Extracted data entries
*-*-*
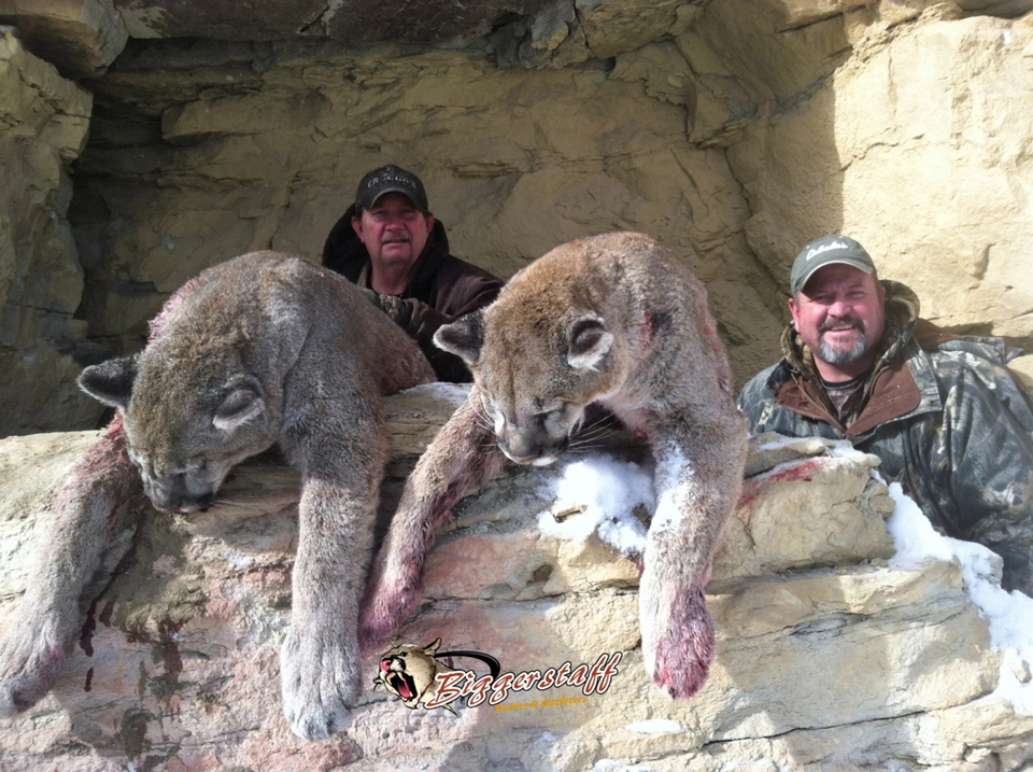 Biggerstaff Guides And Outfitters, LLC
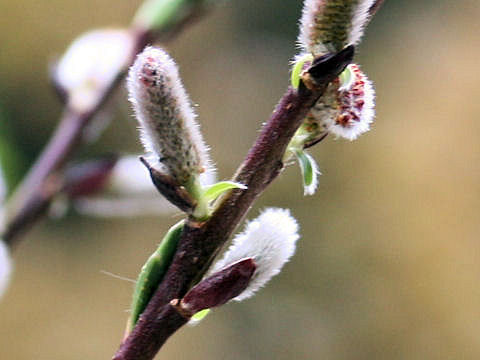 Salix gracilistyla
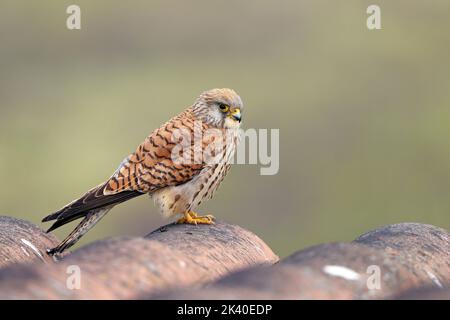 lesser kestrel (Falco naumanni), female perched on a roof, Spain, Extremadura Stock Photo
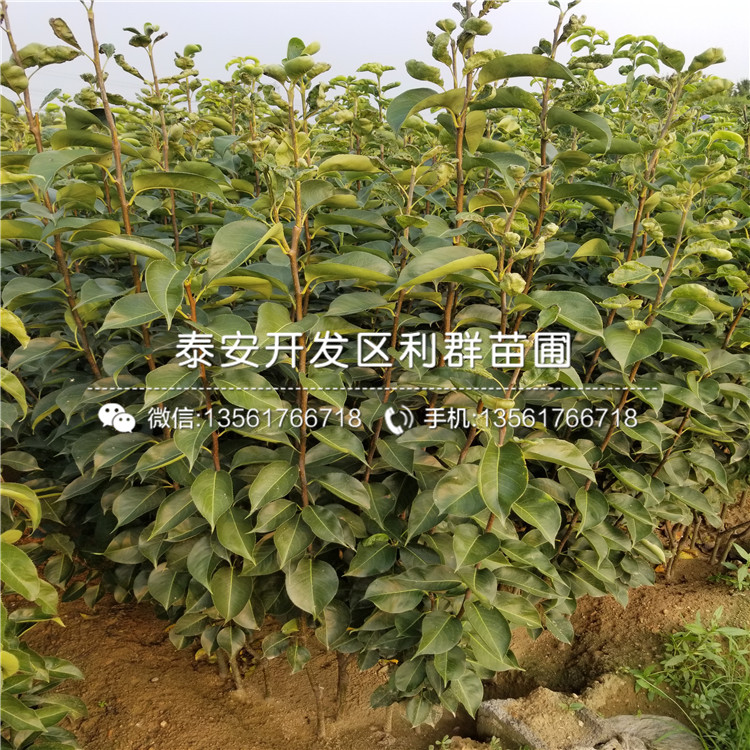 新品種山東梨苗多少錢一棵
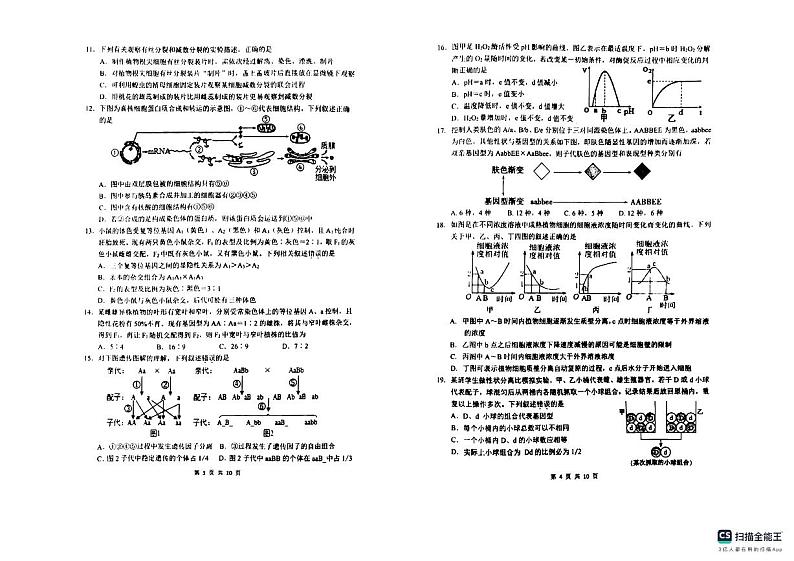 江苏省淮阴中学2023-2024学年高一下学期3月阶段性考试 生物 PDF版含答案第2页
*-*-*
*Task*. Restate every line of the data above word for word, with the images removed.

*Response area*.
 Biggerstaff Guides And Outfitters, LLC
 Salix gracilistyla
 lesser kestrel (Falco naumanni), female perched on a roof, Spain, Extremadura Stock Photo
 新品種山東梨苗多少錢一棵
 江苏省淮阴中学2023-2024学年高一下学期3月阶段性考试 生物 PDF版含答案第2页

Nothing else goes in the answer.